Alpha Company and the BABC

May 21, 2009 15:31

This morning I got to skip my much-loathed math class to head downtown and meet the BABC board -- the  group of highly generous and all-around-awesome people who sponsored the essay contest that will send me to England this summer. albumsontheside , it looks like we're gonna be cleared for RL raves! I need to email a few people and get further info, but apparently you can come visit the school while I'm there, and we can chill for a bit during the built-in downtime. IT WILL BE SO EPIC.

Speaking of which, I'll be creating a travel blog specifically for that trip, at the request of the BABC. I'll link you guys to it when it's up, but for now, I'm looking for name suggestions.

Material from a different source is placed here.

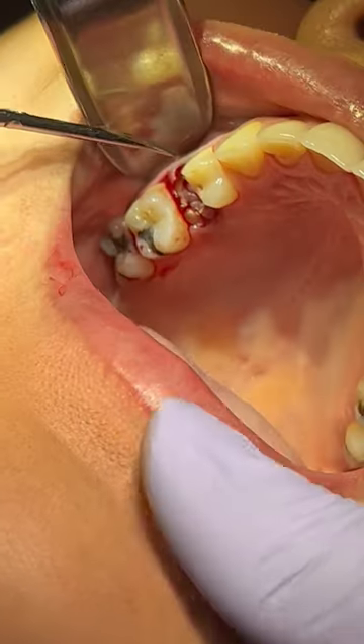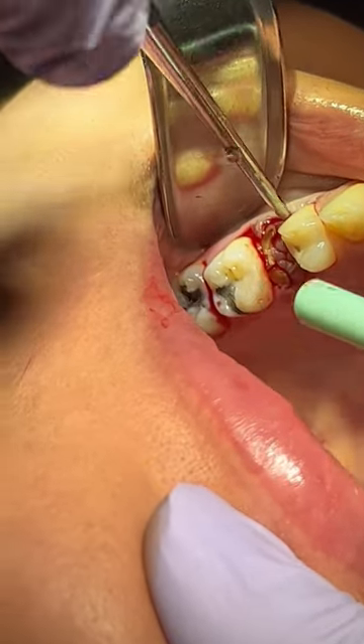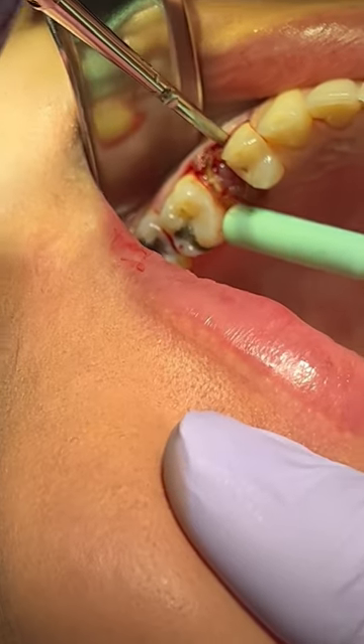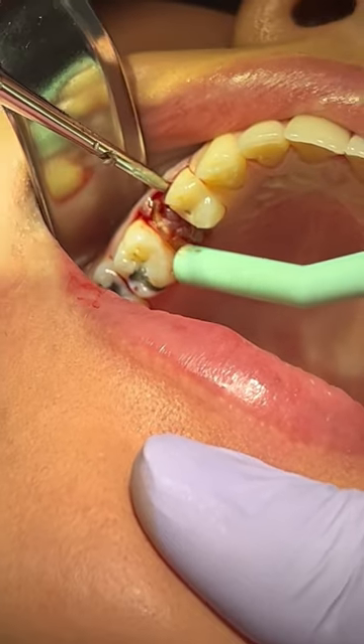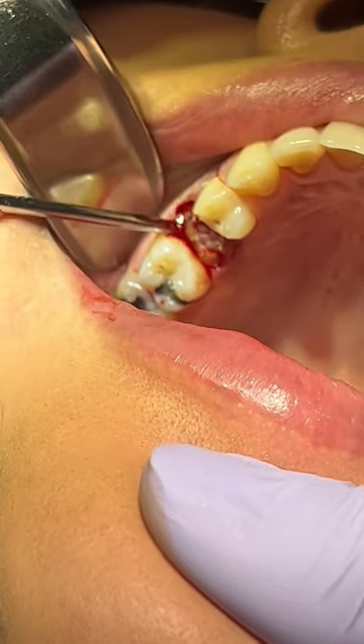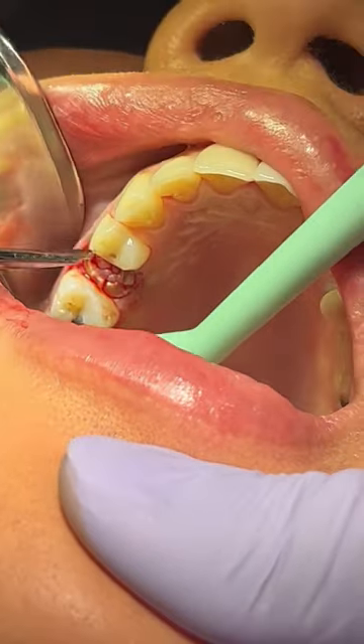One thing that I started doing is I love using the luxators. These luxators are incredible. If anybody wants to know where I got these luxators, they're pretty reasonably priced. Just email me at realdentistwithanessa@gmail.com and I'll send you the information for where you can get these pretty cheap.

Anyway, moving on to an entirely different subject, reading the Tim O'Brien book in class is really something incredible. I've never seen my classmates actually get into a story before, but they're doing it now, and it's kind of amazing. They're beginning to treat the characters in the way I usually do myself -- like real, living, flesh-and-blood people, people they react to, like or dislike, or try to figure out what's going through their heads -- and not like authorial pawns or cardboard cutouts. My table and I have decided, for instance, that Henry Dobbins would be a nice dude to befriend, and that we're gonna kill Azar. I heard someone say that they cried over what Rat Kiley did to the water buffalo, and I could have rejoiced, because that means that they're letting the book get to them. This is the first time I've been in a class that actually engages with the text, and it's honestly a wonderful, wonderful thing.

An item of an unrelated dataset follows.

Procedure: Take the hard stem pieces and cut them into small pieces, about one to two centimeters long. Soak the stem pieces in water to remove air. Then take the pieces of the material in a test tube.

The book's done strange things to me. I'm not sure how this happened, but somehow I've observed all of its various stories by osmosis. I've been retelling them to my sister and buddies who haven't read it, and I think they're teaching me how to be a better storyteller myself.

(I also just made the somewhat funny, somewhat sad realization that I have totally been the Martha to someone's Jimmy Cross, but that's a story for another time.)

Seriously, guys, if you're reading this and haven't read The Things They Carried, go out and get it like now. It might change your life.